Take a music department, for example, with instrumentalists, pianists, vocalists, composers, music educators, and musicologists.  How, with any sense of fairness, do you compare expertise across disciplines?  Or across time?  Is the female opera director who built a voice program from nothing over 15 years, who has sung on low-level national stages intermittently, who is a noted reviewer in a top journal in her field, and who serves as a national officer in a professional organization more to be rewarded than the renowned pianist who won several prestigious international competitions and performs nationally, but who limits his teaching to the bare minimum?  Or what about the woodwind player who was voted educator of the year for both the university and the state, who is known regionally but not nationally  as a devoted and excellent teacher? Or the percussionist who revitalized the percussion program and performs on the side with a group twice nominated for Grammies? Or the soprano who sings in an elite choral group also nominated for a Grammy?
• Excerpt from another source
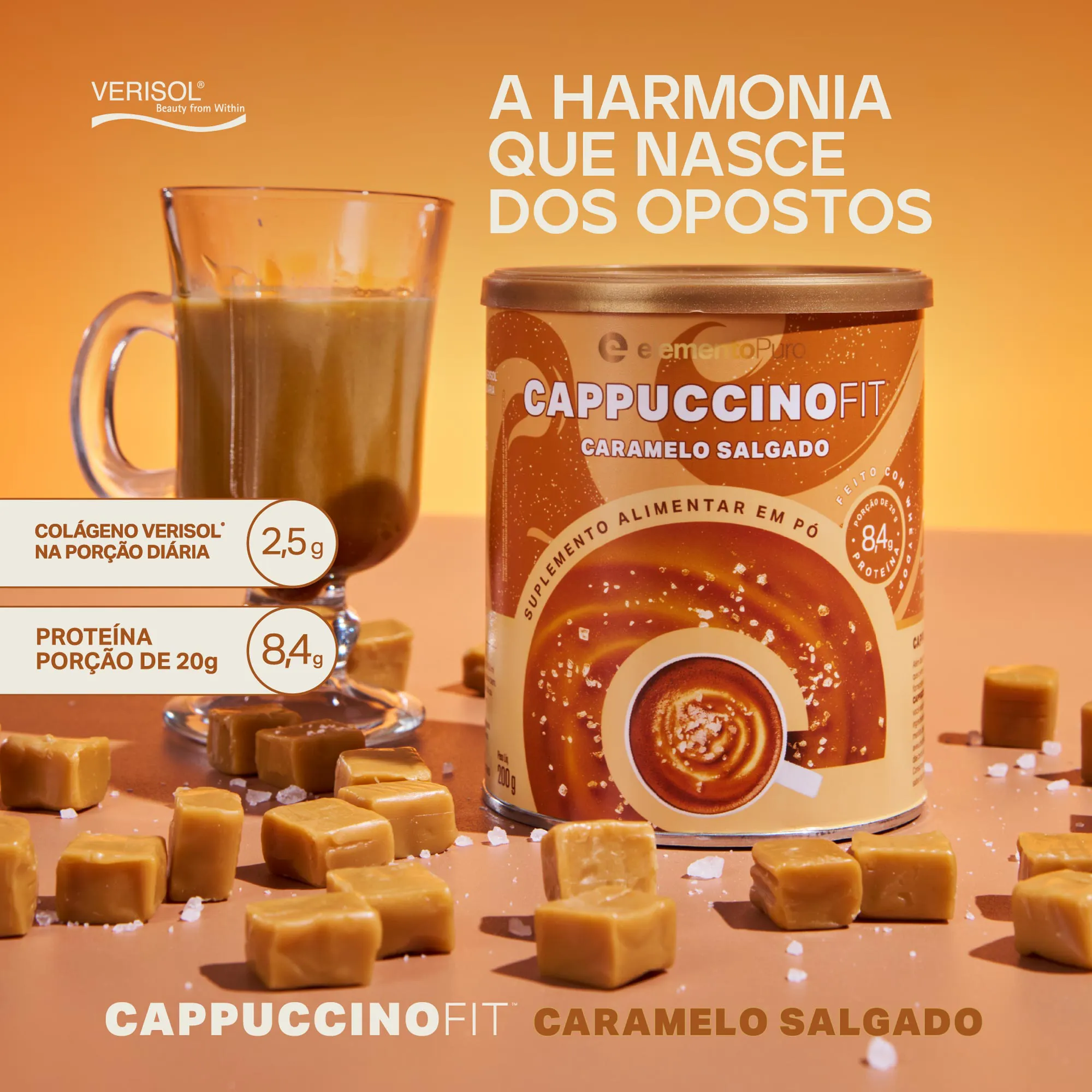 Cappuccino Fit - 200g - Imagem 2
Then add the fact that all of them are underpaid by any comparative standard with other universities [which also indicates just how hard music faculty jobs are to find and hold]…and with other departments, even though the music faculty work longer hours as well as evenings and weekends, and the fact that the annual “merit pay” award would be a one-time annual payment of $1,000-$2,000 to only one faculty member.  In essence, the administration is attempting to address systemic underpayment and continued inequalities with a very small band-aid, not that the administrators have much choice, given that the legislature won’t fund higher education adequately and tuition increases are limited.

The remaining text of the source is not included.